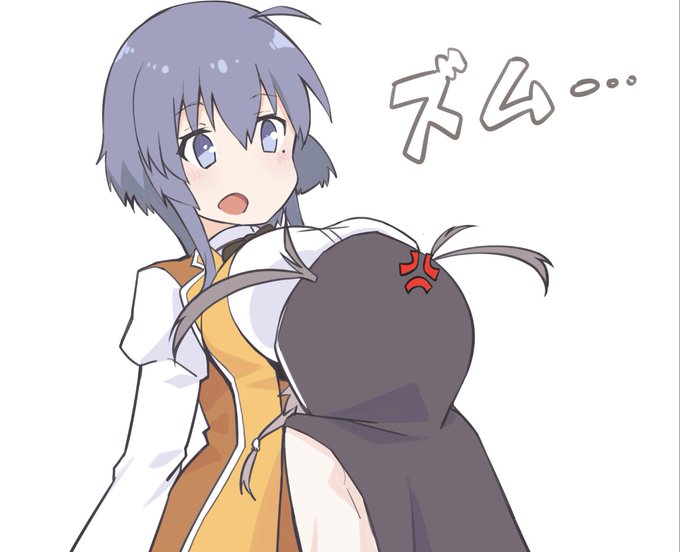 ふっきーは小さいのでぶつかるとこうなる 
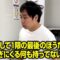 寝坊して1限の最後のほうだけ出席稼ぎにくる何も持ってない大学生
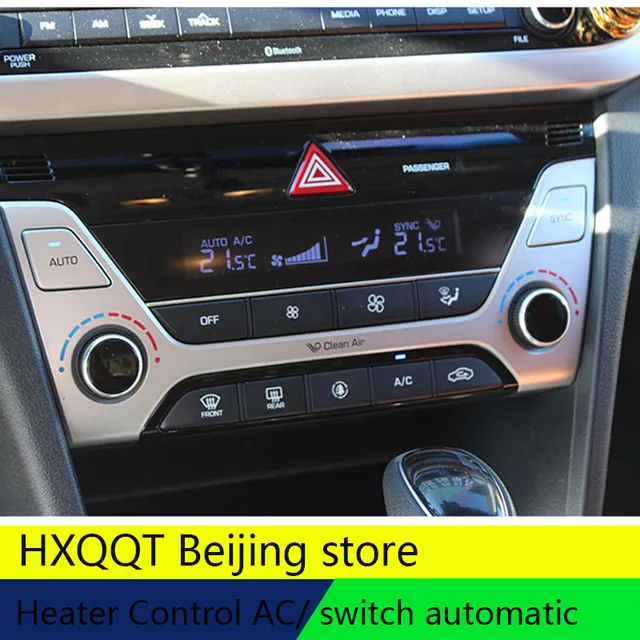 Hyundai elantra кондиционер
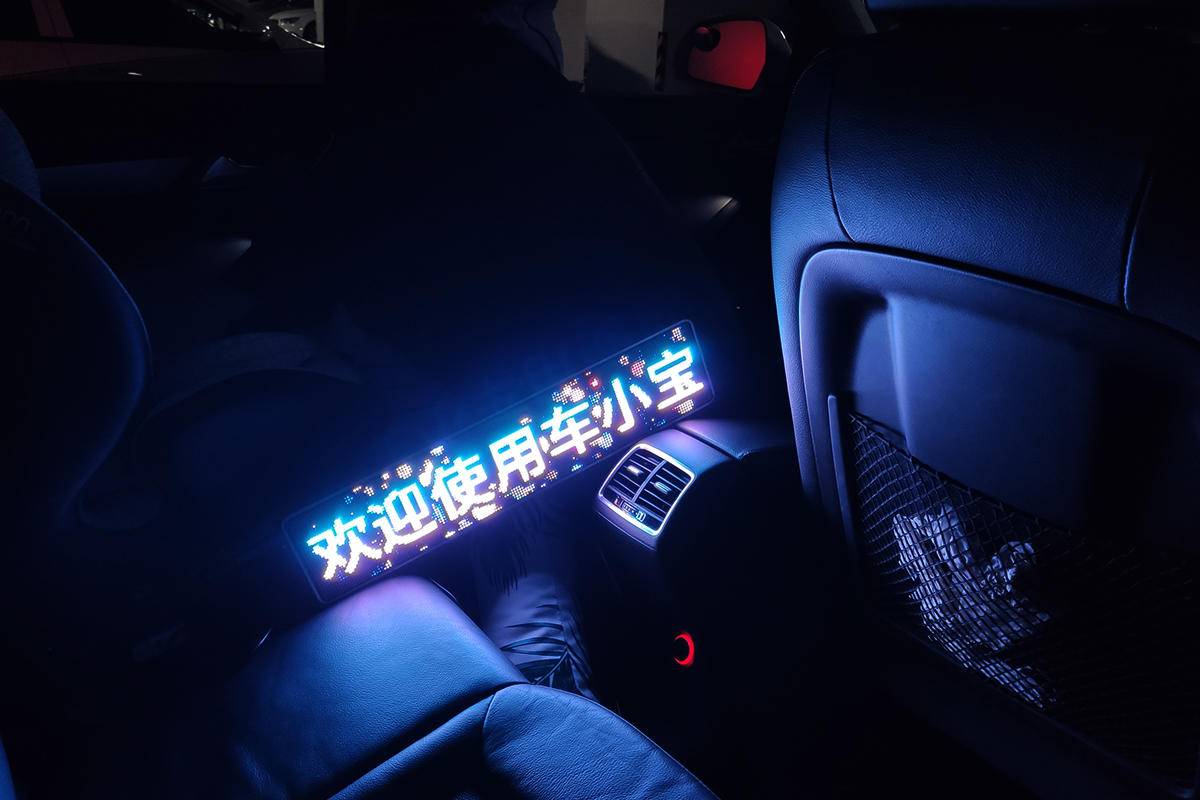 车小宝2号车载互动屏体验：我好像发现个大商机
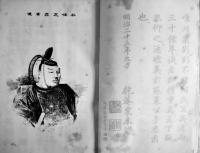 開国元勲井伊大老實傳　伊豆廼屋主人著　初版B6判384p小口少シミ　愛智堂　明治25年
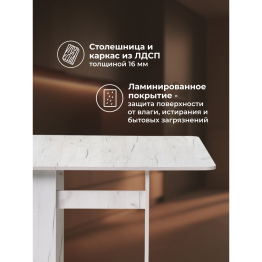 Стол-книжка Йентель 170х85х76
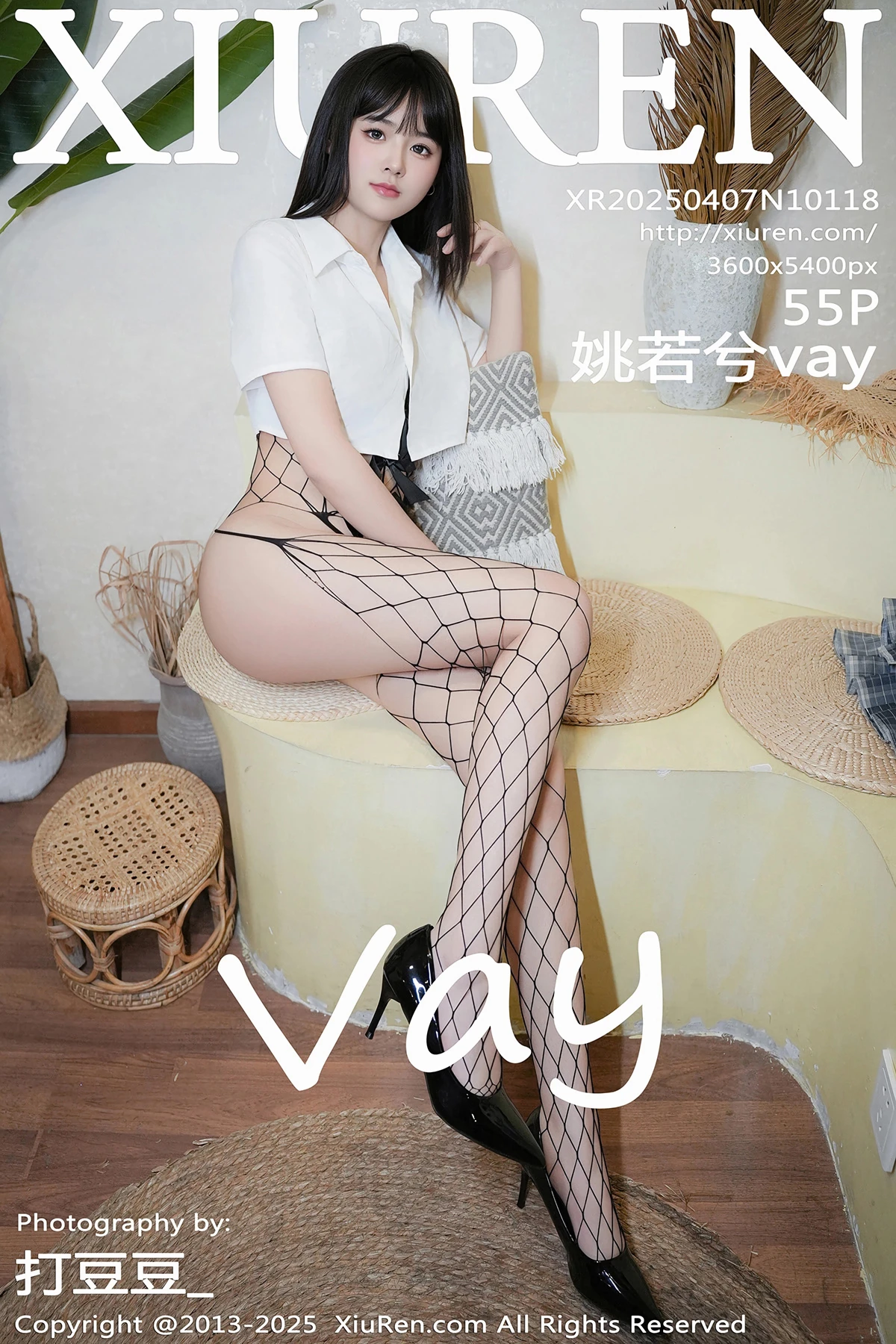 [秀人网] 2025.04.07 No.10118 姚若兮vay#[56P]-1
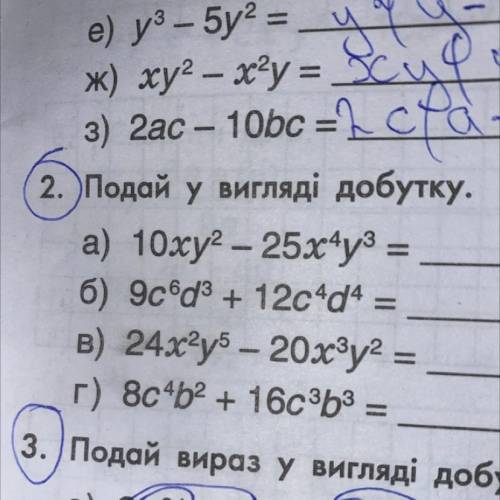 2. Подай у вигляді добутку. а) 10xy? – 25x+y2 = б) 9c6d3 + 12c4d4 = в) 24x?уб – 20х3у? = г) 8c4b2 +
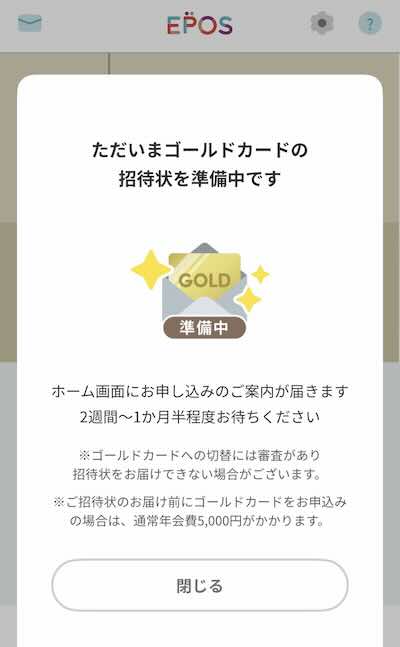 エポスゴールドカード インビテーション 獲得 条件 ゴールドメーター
---------------
**PROBLEM REQUIREMENTS**
Every entry above needs to be printed again exactly, with its pictures left out.

**EXERCISE RESULT**
 ふっきーは小さいのでぶつかるとこうなる 
 寝坊して1限の最後のほうだけ出席稼ぎにくる何も持ってない大学生
 Hyundai elantra кондиционер
 车小宝2号车载互动屏体验：我好像发现个大商机
 開国元勲井伊大老實傳　伊豆廼屋主人著　初版B6判384p小口少シミ　愛智堂　明治25年
 Стол-книжка Йентель 170х85х76
 [秀人网] 2025.04.07 No.10118 姚若兮vay#[56P]-1
 2. Подай у вигляді добутку. а) 10xy? – 25x+y2 = б) 9c6d3 + 12c4d4 = в) 24x?уб – 20х3у? = г) 8c4b2 +
 エポスゴールドカード インビテーション 獲得 条件 ゴールドメーター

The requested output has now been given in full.